__DATA SEGMENT__
============

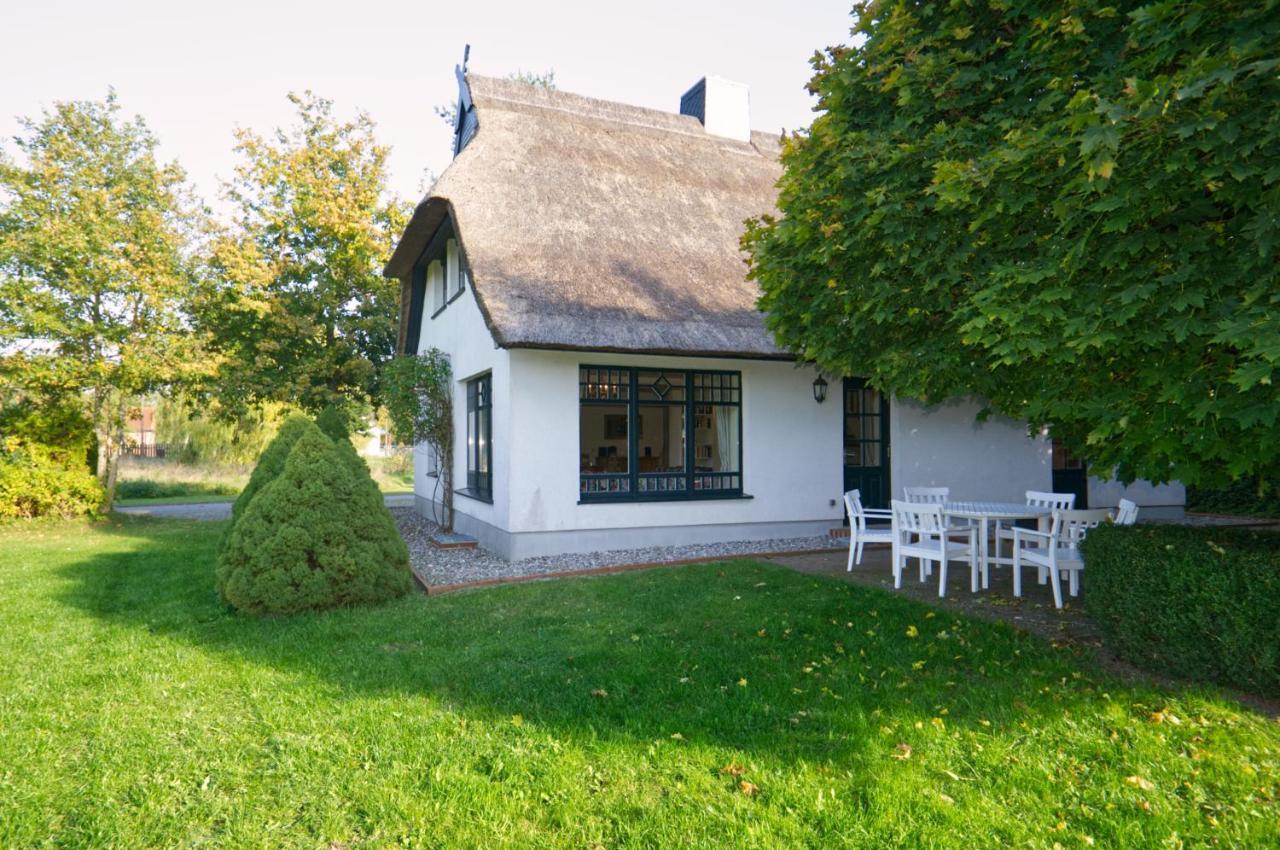 Reetdachhaus Mit Grossem Garten Und Kamin Marlow Dış mekan fotoğraf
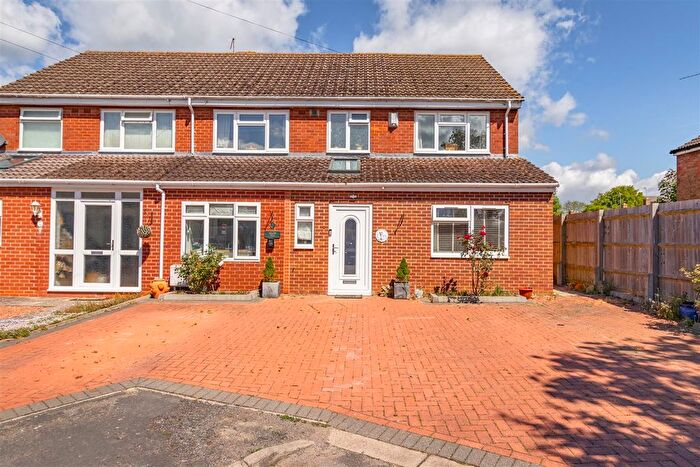 5 Bedroom Semi-Detached House For Sale In Hill Top Close, Southam, CV47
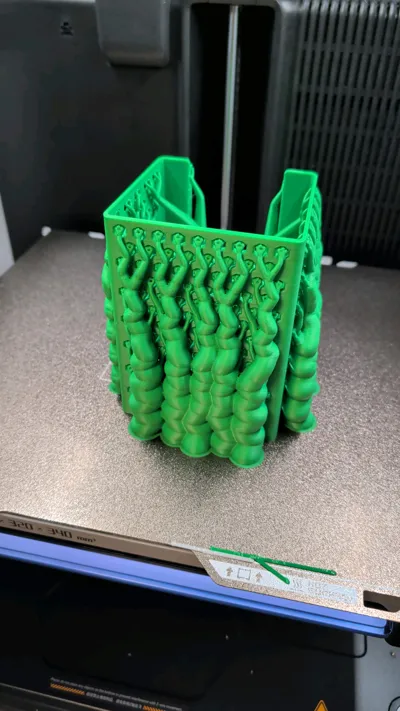 https://makerworld.bblmw.com/makerworld/model/1911116/2049358/ratings/136af4e0-b4f1-11f0-b36d-c12f59cdc474.jpg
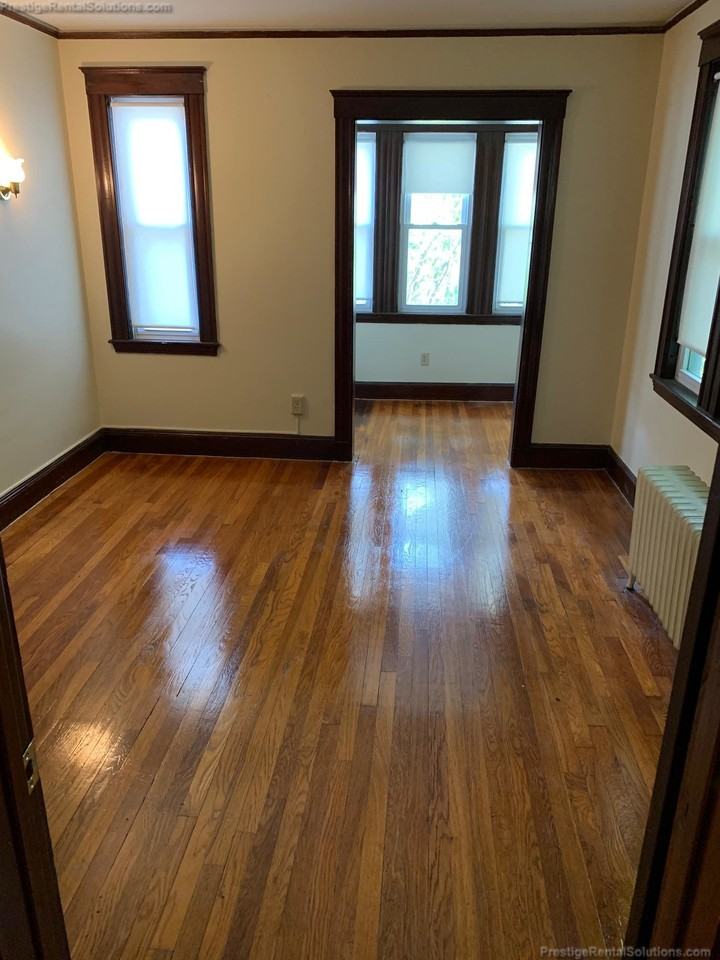 65 Tremont St #2L - Photo 4 of 13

============

__YOUR ASSIGNMENT__
The listing above must be restated word for word. Its pictures are to be left out.

__SOLUTION TO THE EXERCISE__
 Reetdachhaus Mit Grossem Garten Und Kamin Marlow Dış mekan fotoğraf
 5 Bedroom Semi-Detached House For Sale In Hill Top Close, Southam, CV47
 https://makerworld.bblmw.com/makerworld/model/1911116/2049358/ratings/136af4e0-b4f1-11f0-b36d-c12f59cdc474.jpg
 65 Tremont St #2L - Photo 4 of 13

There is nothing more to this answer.